The English Canaletto

Samuel Scott, sometimes described as the English Canaletto, painted a number of views of Twickenham's riverside, some of them more than once: there are three versions of Alexander Pope's Villa as extended by Sir William Stanhope, dating from about 1758.

Horace Walpole, the Earl of Radnor and Richard Owen Cambridge were numbered among his local patrons: he provided decorated panels for Cambridge's Venetian barge at Whitminster in Gloucestershire.

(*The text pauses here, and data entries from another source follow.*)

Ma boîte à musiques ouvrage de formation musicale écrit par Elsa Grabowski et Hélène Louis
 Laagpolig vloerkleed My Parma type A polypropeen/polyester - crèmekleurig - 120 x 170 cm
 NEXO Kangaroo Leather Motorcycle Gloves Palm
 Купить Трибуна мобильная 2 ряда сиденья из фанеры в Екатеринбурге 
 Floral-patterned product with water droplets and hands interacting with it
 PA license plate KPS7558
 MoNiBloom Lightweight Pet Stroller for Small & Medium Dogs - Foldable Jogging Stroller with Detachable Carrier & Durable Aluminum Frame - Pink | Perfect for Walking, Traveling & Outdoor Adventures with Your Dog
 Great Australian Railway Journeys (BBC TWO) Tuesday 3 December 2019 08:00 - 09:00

Mrs Scott appears to have rented a cottage from about 1748, near Strawberry Hill. Evidence for this depends upon entries in the Poor Rate Books and a statement by Horace Walpole in a letter of 14 July that year: "...my brother Ned's eldest girl is come to Mrs Scott, the painter's wife at next door: the child is in a consumption, and so seeing her so ill lodged, I could not help offering her my house...". The daughter was Laura and Ned was his brother Edward, thought, from other evidence, to have developed an affection for the painter's wife.

The Tanyard, detail from Peter Tillemans' "A Prospect of Twickenham", c1725

Buys the Tanyard

In 1755 Scott joined with Joseph Hickey in buying the Tanyard, attached to which was a cottage which may have been the one rented by Mrs Scott. They divided the land and each built a house on it.

Cross Deep Hall in 1905. Note the later centre bay, added in the 19th century

Cross Deep Hall

Scott did not occupy his new house, later known as Cross Deep Hall: he leased it, selling the property in 1765 to Frederick Atherton Hindley lately steward to the Earl of Radnor, and now living in Radnor House.

The Manor House, later known as Aragon Towers, before demolition in 1934

At the Manor House

In about 1758 Scott himself took up residence in a part of the Manor House, opposite St Mary's Church in Twickenham, staying here for several years.

While here he made a watercolour view of the church which also shows the building of which the Twickenham Museum is a part: the earliest known view. This picture can be dated from the scaffolding surrounding the church for repairs "to the Great Cornish" known to have been undertaken in 1762.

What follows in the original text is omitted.